The data -

****************

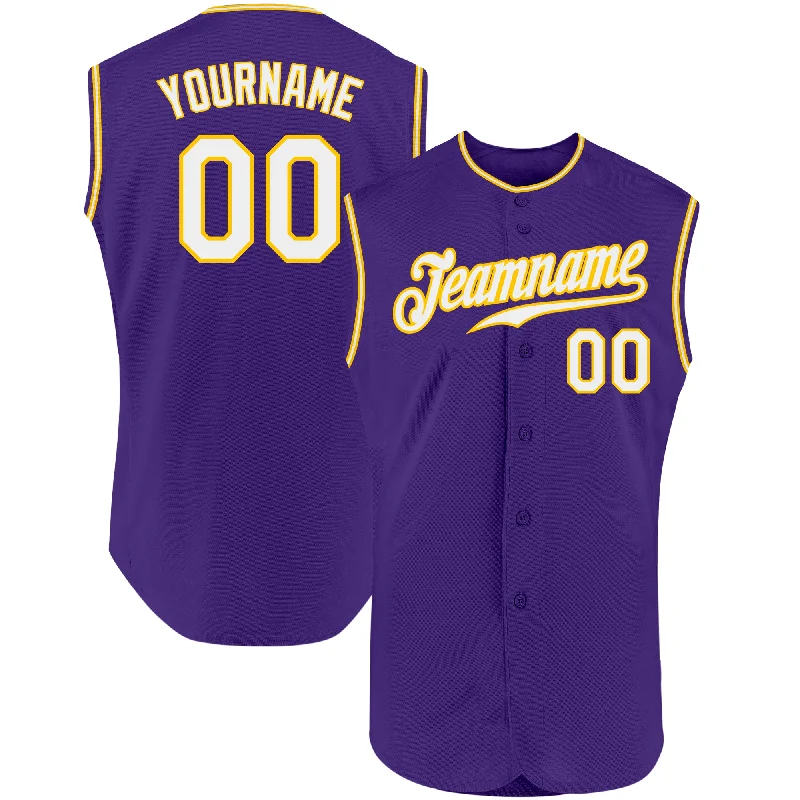 Baseball Jersey With Tie-Dye-Custom Purple White-Gold Authentic Sleeveless Baseball Jersey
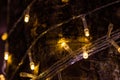 Close up cable of string led lights on tree in the garden at night time used for decorating for beauty According to important Royalty Free Stock Photo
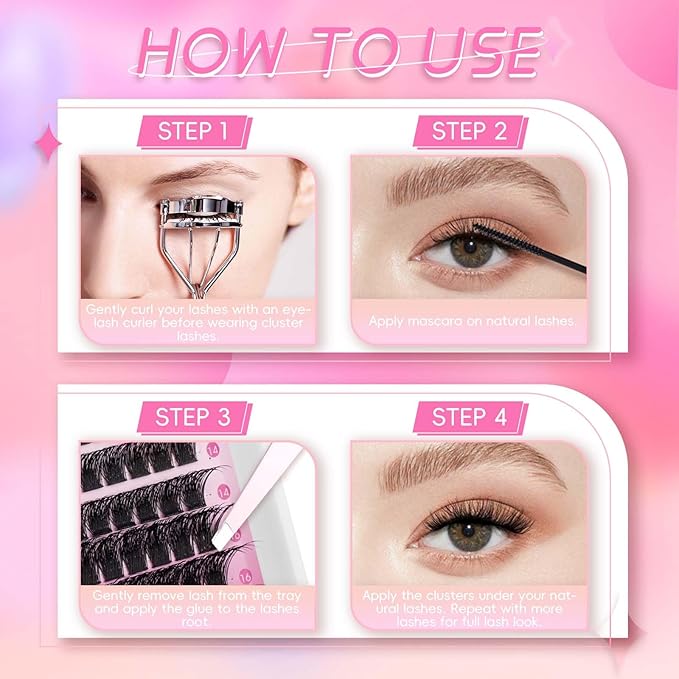 Lash Clusters 10-16mm 144pcs Mixed Tray Individual Lashes D Curl Individual Lashes Cluster Eyelash Extensions DIY Lash Extensions Eyelash Clusters Eyelash Extension Kit at Home (J02-0.07D, 10-16mm)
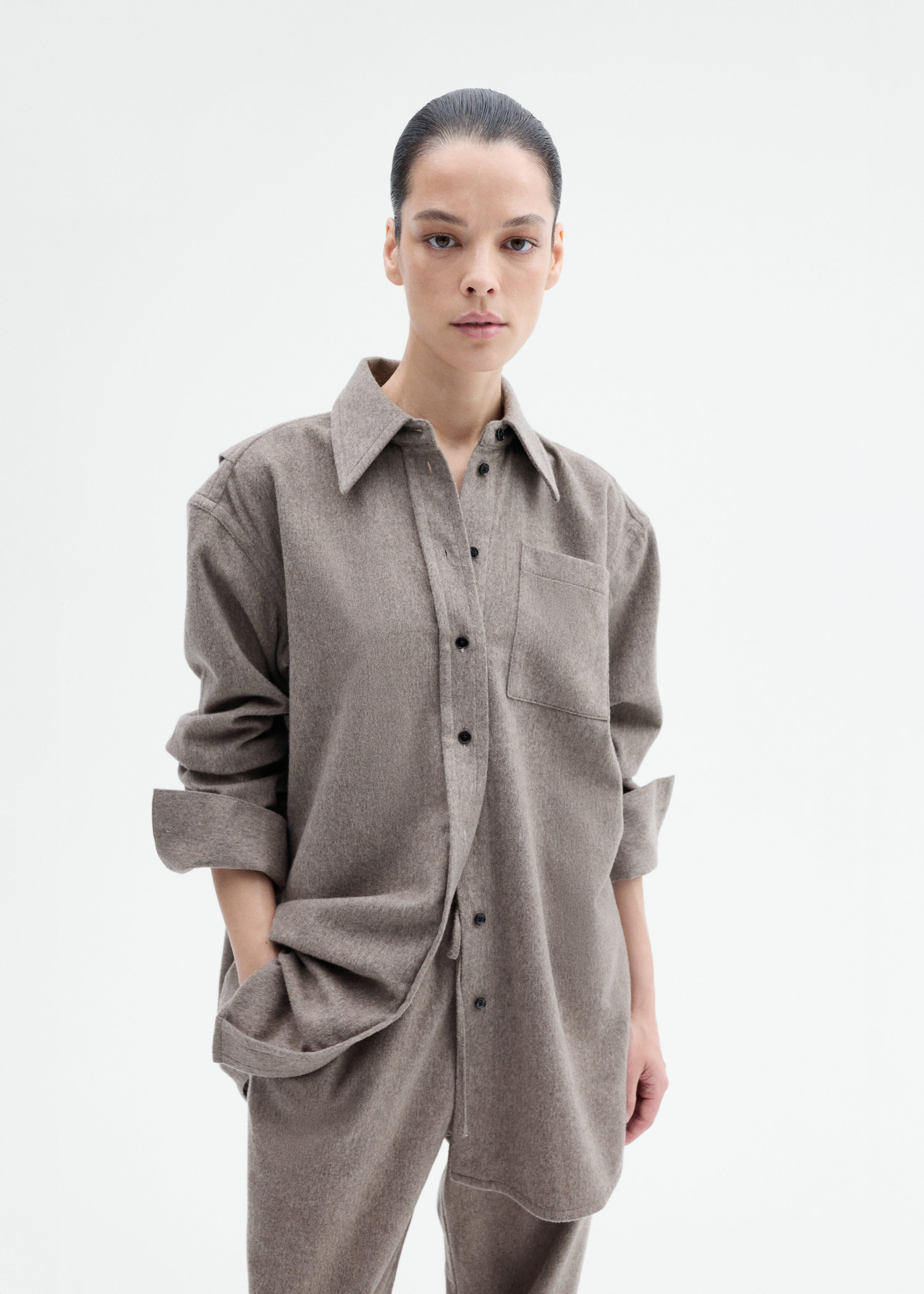 Tailored Flannel Shirt in Wool Cashmere - 3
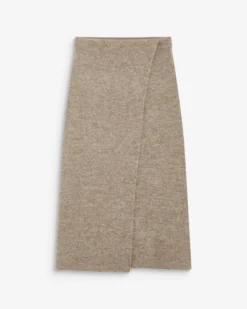 Jupe longue portefeuille en maille mocha Biana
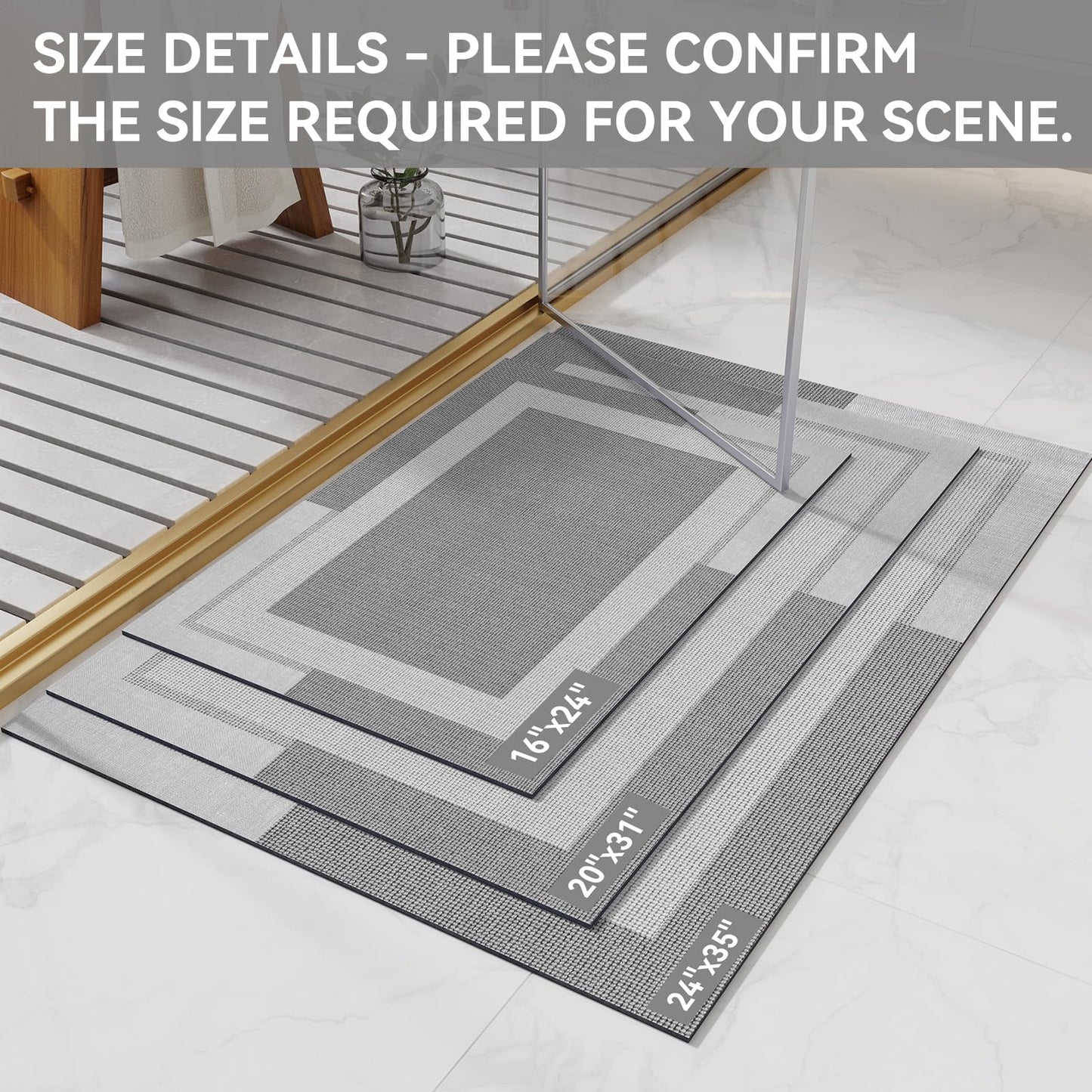 YDKGL Non Slip Bath Mat, Rubber Backing Ultra Thin Bathroom Rugs Fit Under Door Quick Dry Super Absorbent Washable Bath Rug Shower Mat for Bathroom Floor Bathtub Shower Sink, Easy Care Gray 16"x 24"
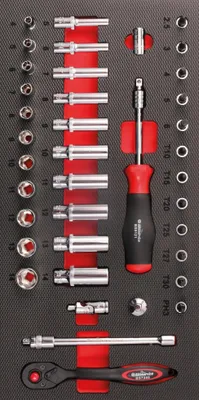 Produktbild von Bikeservice Moduleinlage Steckschlüssel 1/4", 39-teilig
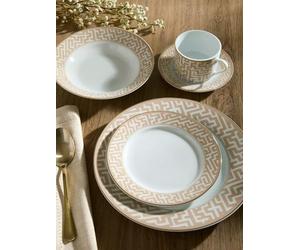 Waterside 20pc Mosaic Cream & Gold Rim Porcelain Dinnerware Set | 4 Dinner Plates, 4 Side Plates, 4 Soup Bowls, 4 Cup & Saucers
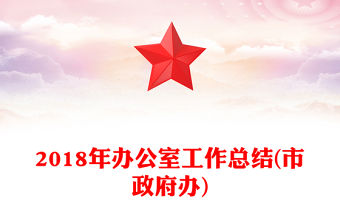 2018年辦公室工作總結(市政府辦)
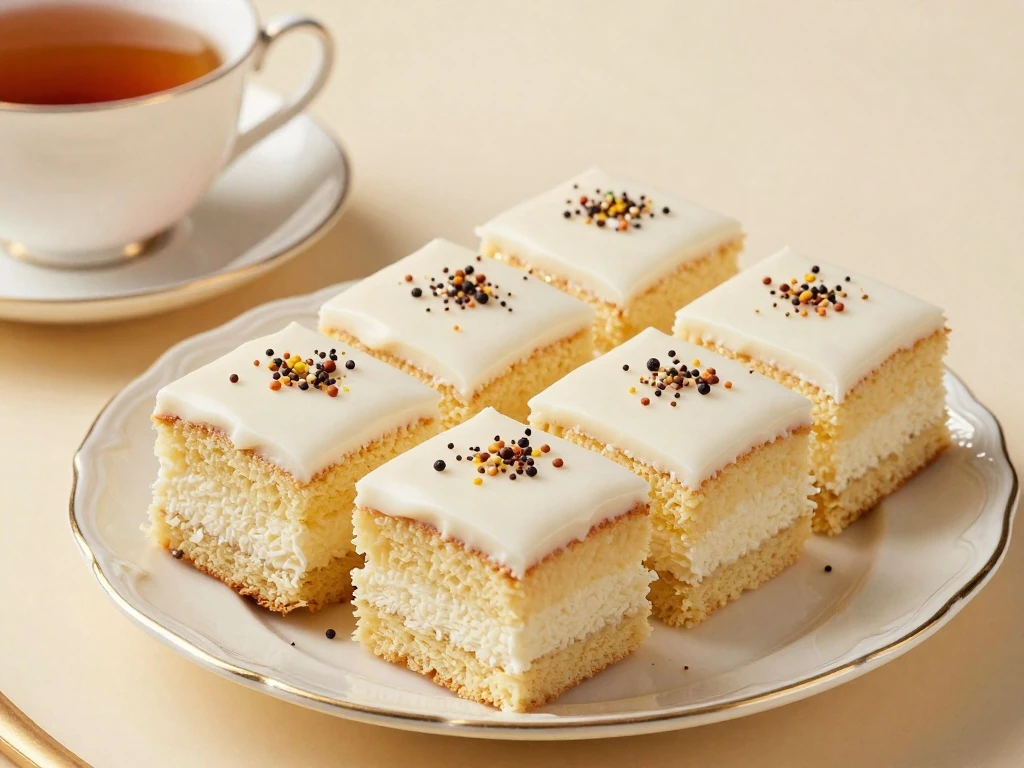 Iced school cake squares served with tea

****************

What this task involves - Please write out the material from the line containing "Close up cable" to its final line, both inclusive, exactly as it appears; pictures are not part of the copy.

Solved problem -
 Close up cable of string led lights on tree in the garden at night time used for decorating for beauty According to important Royalty Free Stock Photo
 Lash Clusters 10-16mm 144pcs Mixed Tray Individual Lashes D Curl Individual Lashes Cluster Eyelash Extensions DIY Lash Extensions Eyelash Clusters Eyelash Extension Kit at Home (J02-0.07D, 10-16mm)
 Tailored Flannel Shirt in Wool Cashmere - 3
 Jupe longue portefeuille en maille mocha Biana
 YDKGL Non Slip Bath Mat, Rubber Backing Ultra Thin Bathroom Rugs Fit Under Door Quick Dry Super Absorbent Washable Bath Rug Shower Mat for Bathroom Floor Bathtub Shower Sink, Easy Care Gray 16"x 24"
 Produktbild von Bikeservice Moduleinlage Steckschlüssel 1/4", 39-teilig
 Waterside 20pc Mosaic Cream & Gold Rim Porcelain Dinnerware Set | 4 Dinner Plates, 4 Side Plates, 4 Soup Bowls, 4 Cup & Saucers
 2018年辦公室工作總結(市政府辦)
 Iced school cake squares served with tea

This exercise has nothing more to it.